For many, the holiday season is a time filled with lavish decorations, gifts and food — a lot of food. While these things are what make the holidays so special, it can be easy to go overboard.
According to an article published by the Environmental Protection Agency, the average American household produces 25 percent more waste from Thanksgiving to New Year’s Day than they do at any other point in the year.
“Trash cans full of holiday food waste, shopping bags, bows and ribbons, packaging, and wrapping paper contribute an additional 1 million tons a week to our landfills,” the article stated.
Both the EPA and the Natural Resources Defense Council have released recommendations on how consumers can reduce the amount of packaging and other items that go to waste around the holidays. Some suggestions include switching to holiday-themed LED lights, using reusable gift bags or boxes instead of wrapping paper and opting for homemade decorations.
One of the most prevalent materials that gets wasted around the holidays, however, is leftover or unused food. When planning holiday get-togethers and parties, it can be very diﬃcult to anticipate how much food will be needed to keep everyone satisfied.
The NRDC recently created a website with information and resources designed to help reduce food waste at the consumer level. The site, savethefood.com, includes a “Guest-imator,” which helps calculate the right amount of food you should prepare for your holiday party based on who is coming and how much they typically eat.

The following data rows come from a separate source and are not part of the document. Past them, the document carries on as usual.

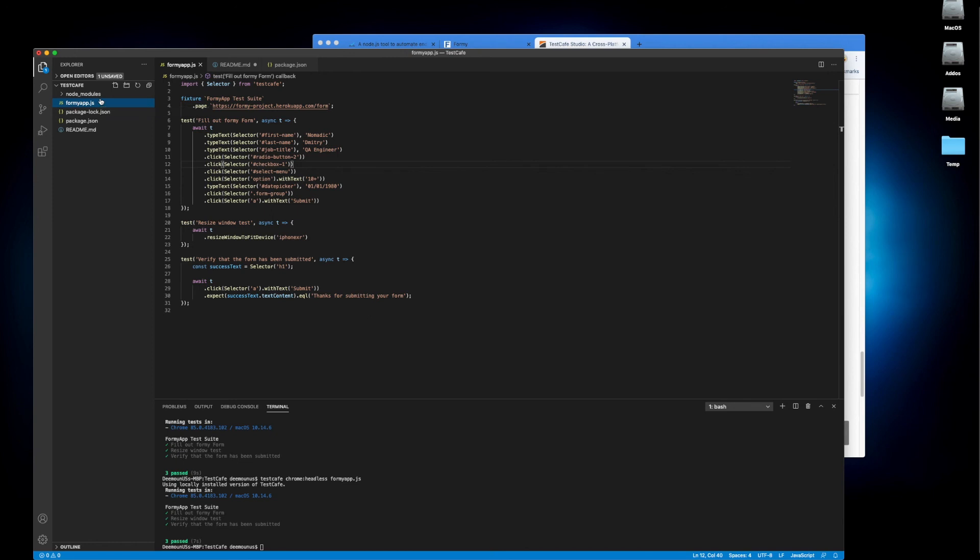Alright guys so this is all what I wanted to discuss today. TestCafe is actually quite nice tool. Just let me know what do you think. I think it's a pretty useful tool. Thank you very much and bye bye. And also please press the like button. It's really helpful. Thanks guys.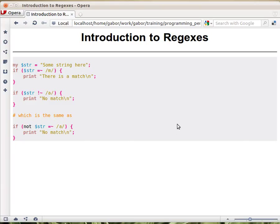Regular expressions are used in a couple of different places in Perl, in a couple of different ways. One of the most common ways to use is to try to find whether a certain pattern, a certain regular expression matches a string. And this is the way how we use it.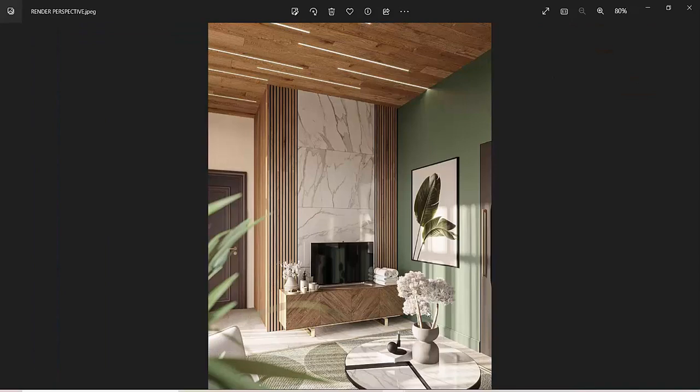Now let's discuss the second part of the tutorial. Say you receive a render perspective image from your interior designer, architect, or consultant and you need to use similar textures in your Dialux Evo project. The problem is that as lighting designers we may not know the exact names of those textures — each tile has a different name, each marble has a different name, each color has its own code.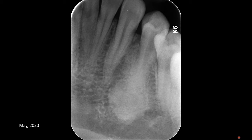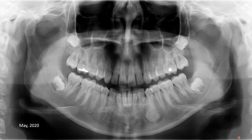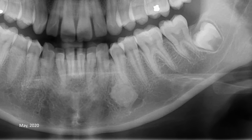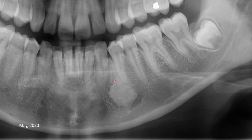Let's review the panoramic radiograph, which was obtained on the same day in May 2020. On this panoramic radiograph we still see the same radiographic features. Let's zoom to the area of the premolar. We have uniform density, and the periodontal spaces of the premolar are better visible on this panoramic radiograph compared to what we saw on the periapical film.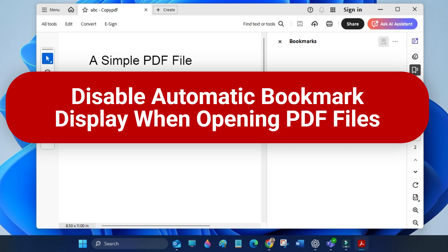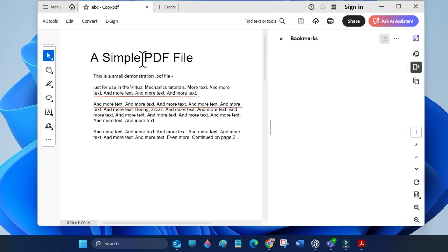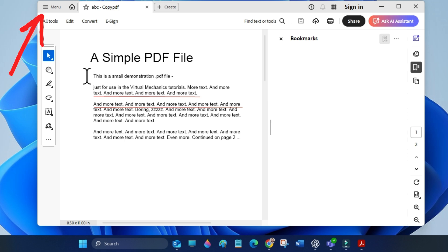Hi everyone. In this quick video I will show you how to disable the automatic bookmark panel from showing up every time you open a PDF file. Open Adobe Acrobat Reader or any PDF file, then click on the menu.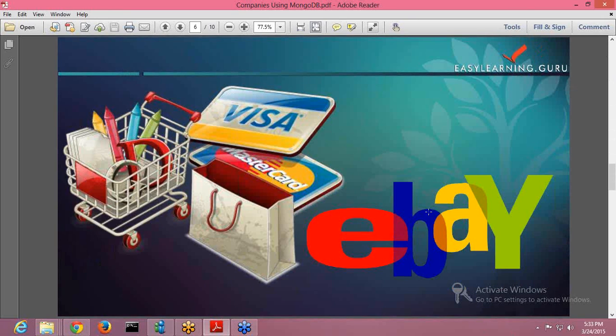Next is eBay. eBay is the world's largest auction site that uses MongoDB to store all media metadata for the site. This includes references to images of every item for sale on eBay. eBay has a number of projects running in MongoDB for like search suggestion, metadata storage, cloud management. Right? So eBay is using MongoDB nicely. And MongoDB clusters are also deployed across multiple data centers of eBay, which is actually delivering them 99.999%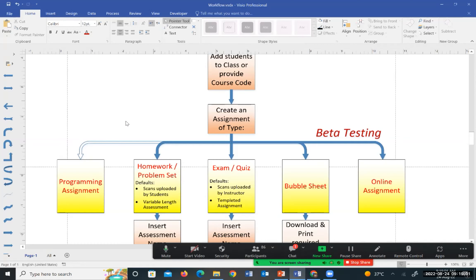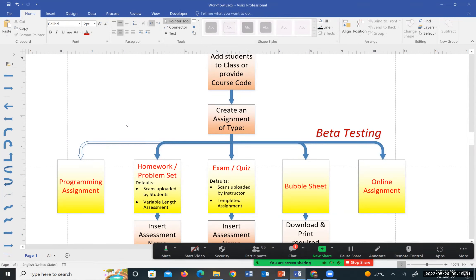The assessment types include homework, exam or quiz, bubble sheet for fully MCQ exams, and online assessment. The online assessment is still in beta — it works but may have adjustments before final deployment. For homework, the default is that scans are uploaded by students. In GradeScope, you can either do the scanning yourself or ask students to upload. Dr. Wasfi mentioned letting students scan even for exams, but I personally prefer doing the scanning for exams to avoid students having access to exam materials and potential cheating.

Unfortunately, the problem of food waste in the United States goes beyond the holiday season.
Up to 40 percent of food produced in the United States goes to waste, according to a 2012 report by the NRDC.
While food is wasted on farms and at grocery stores for various reasons, the largest portion of food waste happens at home. When food is wasted, all of the resources that went into getting that food to your plate are wasted as well.

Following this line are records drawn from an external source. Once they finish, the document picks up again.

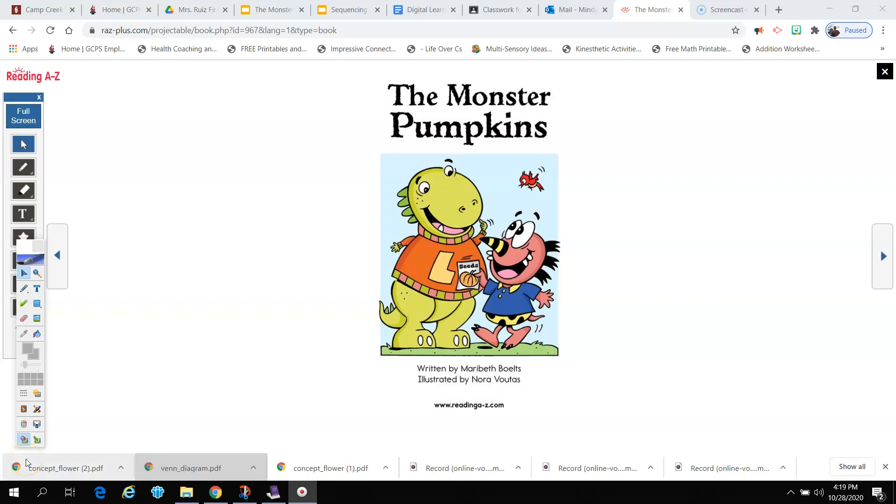This week we've been reading the book, The Monster Pumpkins, and we've been looking at the two main characters, Bonk and Lurk. And what we've been doing is we've been analyzing them. Analyze means we've looked closely at the main characters to see what did they say, what did they do, how did they feel, to help us learn more about the book.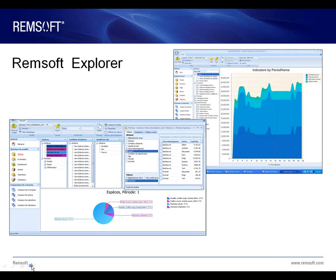The Explorer application is a graphically rich and interactive application that allows users to manipulate and summarize model information in creative ways that will provide new insights and increased understanding of your model and model results. The Remsoft Explorer allows users to easily view model information in highly summarized visualizations, but also drill onto specific data points to understand the details behind the model.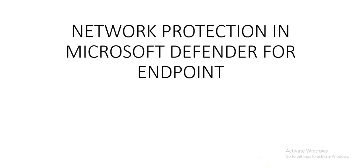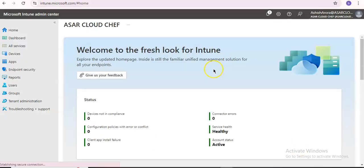Network protection extends the protection of web protection to the operating system level. So I'll just log on to the portal and take it from there. I'm logged on to the portal, the Microsoft Intune admin center. You will log in here through intune.microsoft.com.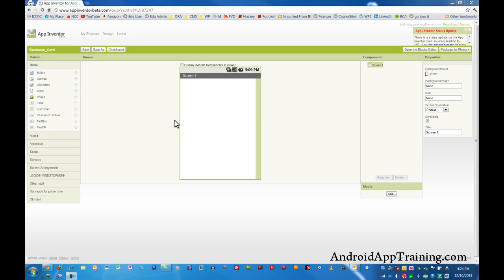Welcome back to the AndroidAppTraining.com online course. We've already created a couple of simpler apps, and actually the third app we're going to create in this course is essentially a business card for an Android phone.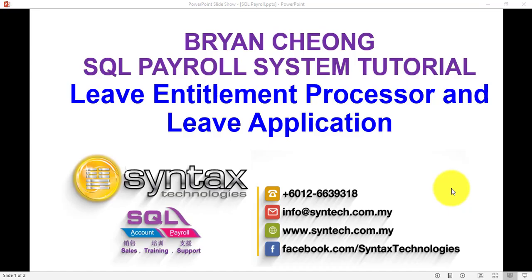Hi, I'm Brian from Syntex Technologies. In today's SQL Payroll System Tutorial, I'll talk about Leave Entitlement Processor and also Leave Applications. For other SQL Payroll and accounting tutorials, please go to syntex.com.my.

According to the NRDC report, “Getting food from the farm to our fork eats up 10 percent of the total U.S. energy budget, uses 50 percent of U.S. land, and swallows 80 percent of all freshwater consumed in the United States.”

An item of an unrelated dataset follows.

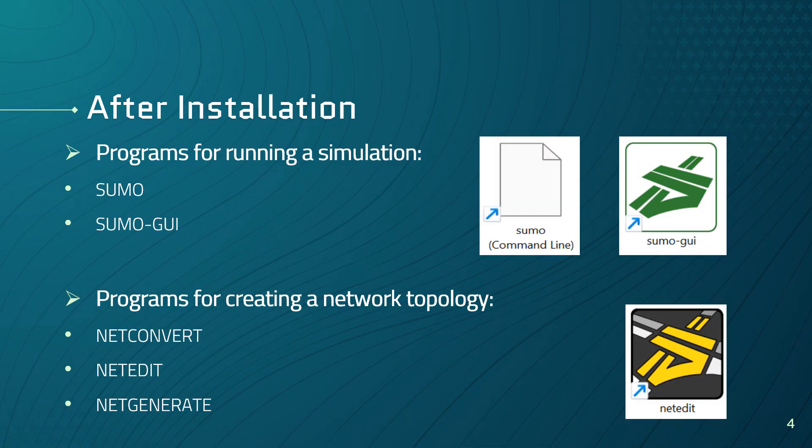After installing SUMO, you'll see that SUMO in fact is the collection of many different programs which must be used together in order to set up and run a simulation. For example, SUMO has programs for running a simulation such as SUMO or SUMO GUI. The difference between these two is that SUMO is a command line application while SUMO GUI is a graphical user interface application.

The report also stated that food waste currently accounts for the single largest component of
U.S. landfills, beyond any other solid waste material. When food decomposes in a landfill, it
releases methane, a harmful greenhouse gas. According to the report, decomposing food waste accounts for a large portion of U.S. methane emissions.
Beyond the environmental impact, food waste costs Americans money — about $165 billion each year to be exact.
Luckily, there are many ways that families can reduce their food waste at home, on the holidays and all year round. Some strategies for reducing food waste are to shop wisely, educate yourself about expiration date labels and the lifespan of diﬀerent foods and consider buying produce that is less cosmetically attractive.
Another feature of the NRDC’s Save the Food website, the “Meal Prep Mate” assists you in planning out weekly meals for you and your family so that your shopping list is portioned out eﬃciently.
The statistic that 40 percent of food produced in the United States is wasted is staggering, especially given that many Americans struggle to put enough food on the table for their families.
“Reducing food losses by just 15 percent would be enough food to feed more than 25 million Americans every year at a time when 1-in-6 Americans lack a secure supply of food to their tables,” the NRDC report states.
Another way to reduce the amount of food that is wasted around the holidays is to consider donating unused food items to a local food assistance organization. The Greater Chicago Food Depository accepts donations of unopened food items all year round.
Communications Specialist for GCFD, Megan Bennett, said anyone interested in donating food items is welcome to bring donations to their headquarters as well as any one of their hundreds of partner agencies located throughout Cook County.
For more information and a full list of partner organizations, visit their donation website at myfooddrive.org.
“For anyone who may be interested in donating fresh food items like produce, we now have the option to host a virtual food drive where people donate funds, which directly support our ability to purchase fresh, nutritional food and, that way, their money actually goes a lot further,” Bennett said.
Bennett said that the GCFD welcomes any and all donations of food and funds as well as donations of time in the form of volunteering with them or one of their partner agencies.
“This is an issue that aﬀects so many people in our community,” she said. “It may be a neighbor, it may be a friend. You never know who might be struggling with food insecurity.”